Nathaniel is also looking forward to seeing his three best friends. Two have married, but friendships forged in wartime are strong. And on Nathaniel's first morning in London, as the four are riding in Hyde Park, they see another wartime friend, Mrs. Sophia Armitage
Sophia had followed her officer husband to Portugal and had cheerfully accepted the hardships of campaigning. All four former officers admired her courage and good humor. Her husband Walter had died at Waterloo three years earlier in a most heroic fashion. He had saved the life of the Duke of Wellington and his staff and had then died trying to save a junior officer. In recognition of his bravery, Sophia had been feted at
court and by the ton and had been given a house in London and a pension. She lives quietly, but is delighted to see her old friends.
Sophia has a secret; she is being blackmailed by a villain who has some love letters written by her husband that would bring disgrace on his name and on his family. She is desperately trying to keep up with his demands and thus has stayed out of society. She can't afford to look modish. But her niece is being presented and now her friends have
arrived and try to get her out of her shell. Thrown together with Nathaniel, the two become lovers, to each's surprise. And Nathaniel and his friends come to realize that something is troubling Sophie and want to help.
This is the skeleton of the plot of Irresistible, but it does not begin to describe the richness of the novel.

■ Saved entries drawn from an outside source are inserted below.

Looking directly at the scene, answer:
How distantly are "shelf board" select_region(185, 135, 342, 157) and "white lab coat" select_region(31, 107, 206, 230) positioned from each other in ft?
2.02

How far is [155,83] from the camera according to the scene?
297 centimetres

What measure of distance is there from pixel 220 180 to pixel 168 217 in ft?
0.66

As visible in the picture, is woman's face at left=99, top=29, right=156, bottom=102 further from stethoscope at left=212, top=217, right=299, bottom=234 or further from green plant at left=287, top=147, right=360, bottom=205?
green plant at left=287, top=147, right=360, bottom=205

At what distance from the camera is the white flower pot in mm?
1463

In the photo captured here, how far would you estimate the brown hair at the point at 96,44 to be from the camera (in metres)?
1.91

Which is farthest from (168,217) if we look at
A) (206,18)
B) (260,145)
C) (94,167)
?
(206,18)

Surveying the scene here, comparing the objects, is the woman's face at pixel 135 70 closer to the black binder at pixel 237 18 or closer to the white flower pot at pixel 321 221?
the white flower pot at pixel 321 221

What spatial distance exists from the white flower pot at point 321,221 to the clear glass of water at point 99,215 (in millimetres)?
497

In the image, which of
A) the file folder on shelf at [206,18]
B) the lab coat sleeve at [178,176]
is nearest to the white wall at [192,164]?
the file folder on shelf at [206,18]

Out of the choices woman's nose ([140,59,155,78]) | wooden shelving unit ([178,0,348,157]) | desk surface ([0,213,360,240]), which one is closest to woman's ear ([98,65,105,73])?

As my friend noted, it's the characters! Nathaniel had come to London hoping to set up a mistress, but he never imagined Sophie in that role. He discovers a very different Sophia from the woman who had carefully hidden her charms
for ten years and who had seemed passionless and sexless. He is confused about his feelings for her and what he really wants, but comes to see that he loves his friend.

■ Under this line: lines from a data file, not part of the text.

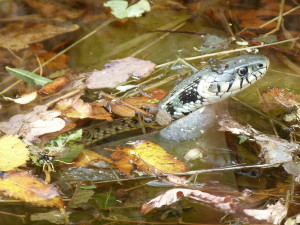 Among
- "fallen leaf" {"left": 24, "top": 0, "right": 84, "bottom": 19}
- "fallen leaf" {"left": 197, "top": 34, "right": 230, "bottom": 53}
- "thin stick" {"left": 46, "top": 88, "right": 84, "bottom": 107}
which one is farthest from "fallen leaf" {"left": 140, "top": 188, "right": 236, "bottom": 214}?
"fallen leaf" {"left": 24, "top": 0, "right": 84, "bottom": 19}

Sophie's marriage was a sham and a fraud, bringing her no happiness and destroying any confidence she had in her attractiveness. Since her husband's death, there has been this looming threat of scandal. She had secretly admired (and perhaps loved) Nathaniel for years. To discover that he is attracted to her brings her both happiness and sorrow. She
cannot believe that he could possibly love her and views his proposals of marriage as simply the result of his feelings of guilt for having "seduced" her.
The reticence that was so characteristic of the Regency era becomes a threat to Nathaniel's and Sophie's happiness. And of course, one of the things I so like about Balogh's books is that she creates characters who behave not like 20th century people, but rather as men and women did 200 years ago. It takes a little help from their friends to achieve the Happily Ever After.

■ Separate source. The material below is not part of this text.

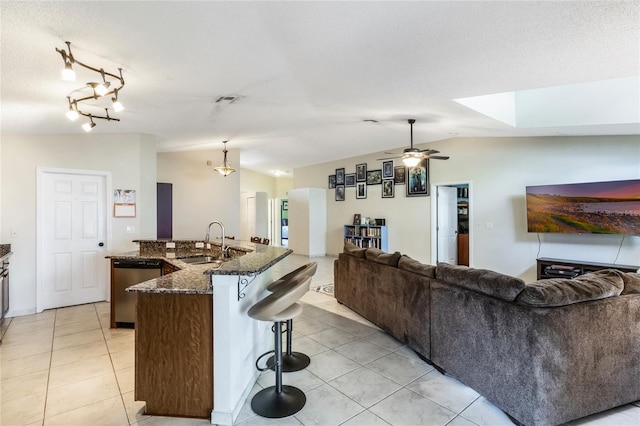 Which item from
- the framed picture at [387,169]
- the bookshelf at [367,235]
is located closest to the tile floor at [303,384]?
the bookshelf at [367,235]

In addition to Sophie's and Nathaniel's love story, Balogh provides a delightful secondary romance between the fourth member of the quartet and Nathaniel's strong-minded ward, Lavinia. Unlike his friends, Eden has continued to enjoy the delights of London since leaving the army. He has achieved something of a reputation as a rake. Lavinia at 24 has long resisted matrimony. The two are oil and water from their first
encounter, and their witty exchanges add an element of humor to the tale. So we get two romances for the price of one!
Like most Balogh fans, I have put on my blacks to mourn her abandonment of the traditional Regency. But Irresistible reassures me a bit. To a greater extent than her recent Regency historicals, this latest book exhibits the emotional intensity that I so appreciate in her shorter books. It is, as I said, vintage Balogh. Maybe I can go into
half-mourning. I always did look good in lilac.